The possible sale of North Kansas City Hospital has been in the local news for some time now.  The more than 50 year old not-for-profit hospital was first rumored to be heading toward sale this past summer when the North Kansas City Council hired a New York investment bank to advise on the possible sale of the city-owned hospital. 

The press resports NKCH was built with property tax revenue and city bonds though it has neither received funding from nor provided revenue to city coffers in decades.  At present, the city's involvement with NKCH appears to be limited to appointing the board of trustees. Of course, that is a very powerful appointment power to retain — as witnessed by the current dispute over the City's attempts to add new members to the board of trustees while litigation over the authority to sell the facility is pending. A Clay County Court judge has approved the ongoing appointments while simultaneously entering an injunction to prevent the actual sale of the facility while the authority to sell litigation is pending.

This litigation is a brilliant example of all the issues exposed in hospital sales — and particularly raised in the sale of public hospitals and in the potential sale of not-for-profit facilities to for-profit entities.

Who owns this not-for-profit hospital?  Who owns any not-for-profit hospital? Those who conceived of it, built it, and nurtured it in its early years?  Those who took on its operation when the city cut the financial chord?  Those who operate it now, consistent with its mission statement on public service? The residents of North Kansas City who granted tax exempt status to shelter the founding and continued operation of the facility? What does this not-for-profit hospital owe, if anything, the community of North Kansas City?

The North Kansas City Attorney claims that the hospital is owned by the City –hence the board of trustees appointment power.  Seen from this perspective, current members of the NKCH Board are suing themselves: one part of the City attempting to sue another "like a dog chasing its own tail," to quote their legal counsel.

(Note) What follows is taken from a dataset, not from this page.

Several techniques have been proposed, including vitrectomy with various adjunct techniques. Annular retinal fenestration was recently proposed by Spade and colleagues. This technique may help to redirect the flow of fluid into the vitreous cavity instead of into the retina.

The analogy is apt, though perhaps not in the way the NKC Attorney meant it.  NKC is conflicted over its future plans for the hospital and over its own obligations to the citizenry who raised the hospital up. Maybe the situation is less like a dog chasing its own tail than two mother dogs squabbling over a puppy each believes is hers.

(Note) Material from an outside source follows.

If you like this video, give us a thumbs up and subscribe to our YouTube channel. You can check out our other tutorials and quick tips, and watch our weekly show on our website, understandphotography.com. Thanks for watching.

This concern with trying to track the ownership – but not necessarily legal ownership — of not-for-profit health care facilities is manifest all over our country as publicly funded hospitals decline in number. Who "owns" the return on that initial investment?  Has it been recompensed many times over by decades of service?

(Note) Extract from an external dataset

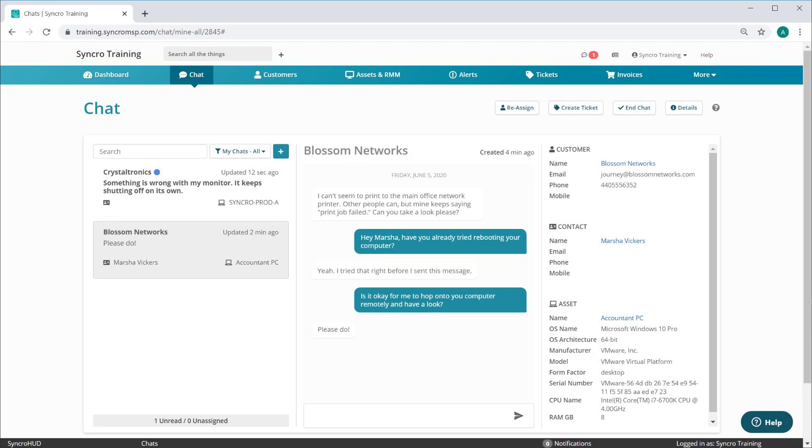We're rolling out additional updates to Synchro Chat, and 100% of these were based exclusively on user feedback.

Maybe some of the answer to this conundrum in North Kansas City will depend on how good and generous a neighbor NKCH has been, how closely it has honored its mission statement, how carefully it can document what it has already given back to the community in exchange for a good start in life and ongoing tax exempt status.

For more than a decade the federal government have been making inquiry into these matters as they concern federal tax exempt status.   Most recently, proposed regulations under the Affordable Care Act propose to beef up the charitable care reporting requirements of not-for-profit hospitals. You may see changes the IRS has already made to 501(c)(3) entity reporting requirements here:http://www.irs.gov/Charities-&-Non-Profits/Charitable-Organizations/New-Requirements-for-501(c)(3)-Hospitals-Under-the-Affordable-Care-Act   And you may see further proposed regulations relevant to the assessment of community needs here: http://www.healthreformgps.org/resources/irs-issues-nprm-for-charitable-hospital-organizations/

On a parallel track, some states have become quite agressive in considering what it takes to justify the public sacrifice of tax dollars for a non-profit health care facility and what, if anything, is owed to the public when and if the entity changes hands. The Provena Hospital loss of tax exempt status in the State of Illinois, which you can read about here:http://www.fiercehealthcare.com/story/il-hospital-loses-high-profile-tax-case/2006-10-03, illustrates how searching the inquiry into public return on tax exempt status can be.

We are in a state of flux in defining what we expect from not-for-profit hospitals.  And those same hospitals are struggling to find a place in increasingly concentrated hospital networks, concentration that may be increased by the implementation of the ACA.

Maybe the dispute over the ownership of NKCH is so complex because both senses of "ownership" are in play — legal ownership and principled ownership of and responsibility for the mission statement of a not-for-profit hospital.